Aurora Public Schools has established a new Community Corps Liaison program, designed to recruit and train volunteers to work with international students in the schools.  More than 1,000 volunteers are now involved, according to APS Superintendent D. Rico Munn.

And a three-year planning process, with public input, will focus on citizenship and civic involvement; small business training; public safety awareness; and outreach via sports and recreation, such as a new Aurora International Soccer Club, for example.

Let’s hope that other communities will be inspired by Aurora’s example to think about ways to integrate newcomers into the fabric of their civic life.

Immigrants from Asia Now Outnumber Those from Mexico

Politicians who are blaming Mexico for sending immigrants to the U.S. might want to notice the latest trend: immigration from Asia.

According to the U.S. Census Bureau, immigrants from China and India have overtaken immigrants from Mexico in the numbers coming to the U.S. The shift has been building for more than a decade, the Census Bureau said in a May release.  Of the 1.2 million newly arrived immigrants, China led with 147,000 followed by India with 129,000 and Mexico with 125,000.

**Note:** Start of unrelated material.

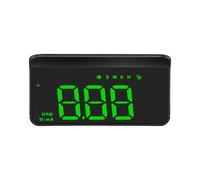 M1 GPS HUD Allarme For Eccesso Di Velocità HUD For Auto Head Up Display Computer Di Bordo Proiettore For Parabrezza Tachimetro GPS Digitale Intelligente(Green)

The Census Bureau says this is in contrast to the 2000 census, which counted 402,000 immigrants from Mexico and no more than 84,000 each from China and India.

In addition, according to the Texas State Demographer, the number of Mexican immigrants coming to the state each year has dropped by more than half since 2005.

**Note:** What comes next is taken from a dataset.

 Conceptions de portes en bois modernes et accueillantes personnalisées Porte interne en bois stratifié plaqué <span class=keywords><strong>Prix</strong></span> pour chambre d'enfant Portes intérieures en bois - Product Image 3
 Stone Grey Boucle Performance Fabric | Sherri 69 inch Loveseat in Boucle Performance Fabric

(Source: Associated Press, Aug. 30, 2015)

What a Few of Our Grantees Tell Us

We asked some of our grantees what small amounts of assistance from LI3 meant to them.  Here are what some of them had to say:

I want to thank LI3 who helped my family to settle in Littleton.  Coming to a new country is like suddenly being blind.  How do we know what to do?  Where do we go?  Who will lead us?  We were so lucky to have a team of people who helped us find our way and to finally live in peace.

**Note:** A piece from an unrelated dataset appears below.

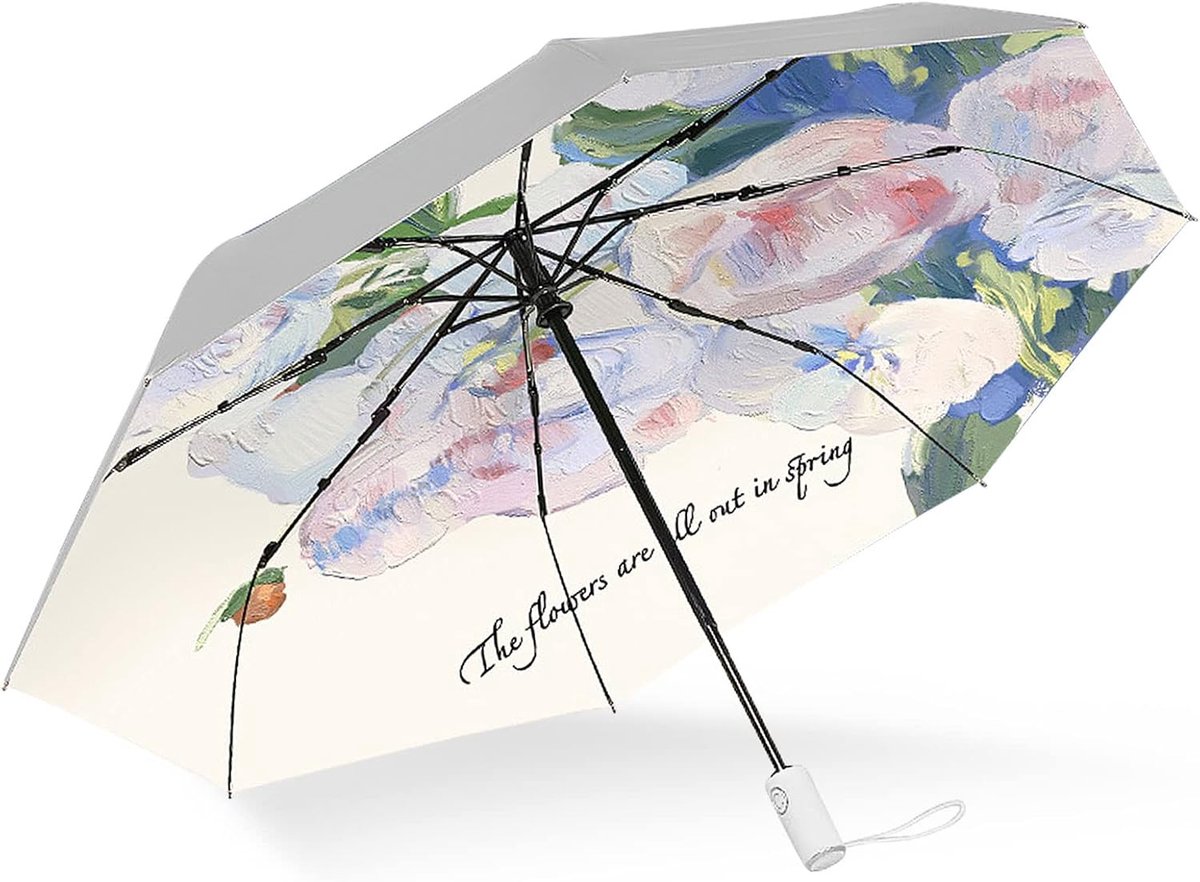 Automatic umbrella, parasol, automatic folding anti-ultraviolet umbrella for women, windproof and rainproof, mini umbrella, 8-rib umbrella, suitable for adults and children, travel parasol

  • Raad (refugee from Iraq)

I would like to have more opportunity to improve my family life, career, and for my two children, both born in America.  Becoming a citizen will assist with completing college and I look forward to taking part in my community as a voter.

  • Maria

LI3, thank you very much for the help, especially with providing me the money [for citizenship application].  I was able to pass my test and I truly appreciate your support.  I hope you can continue to help more people like me who need it.  Thank you again and may God bless you.

  • Diana

It is important for me to become a U.S. Citizen so that I can stay here in the United States, close to my children and grandchildren who are all U.S. citizens.

  • Rosa

I spent more than 30 years living in the United States.  I feel part of this country all of my daughters are U.S. Citizens.  I want to start with English classes so I can help my family and give back to this beautiful country.  I plan to volunteer when I can use my native language.

  • Josepha

I very much appreciate the support of LI3 to help me pay for [citizenship application] costs.  I am also very appreciated of this country which is why I want to become a citizen.

  • Julian

I am very greatful for the scholarship as it is a big help to obtain my DACA. This is important to me because this is my opportunity to finish what I started.  I am/will be able to finish my career.  It is a nursing career.  If I cannot do this I will continue with a career in education.  I love to help people and being bilingual this will give me a bigger opportunity to help out in a better way.  Thank you so much for helping me on my way to a better life.

  • Olivier (brought to this country without documents as a young child)

I am very happy to become a citizen.  I will feel bigger and more confident.  I can go to school, get an education and get some benefits.  I will get English education so I can talk with everyone.

  • Esmerelda

Thank you so much for your support of my citizenship [application].  That would not be possible if not for your support.  With all my heart,

  • Claudia

I am very happy.  I am very close to becoming a citizen on August 12.  Thank you for your help.  With all my heart, God bless you always.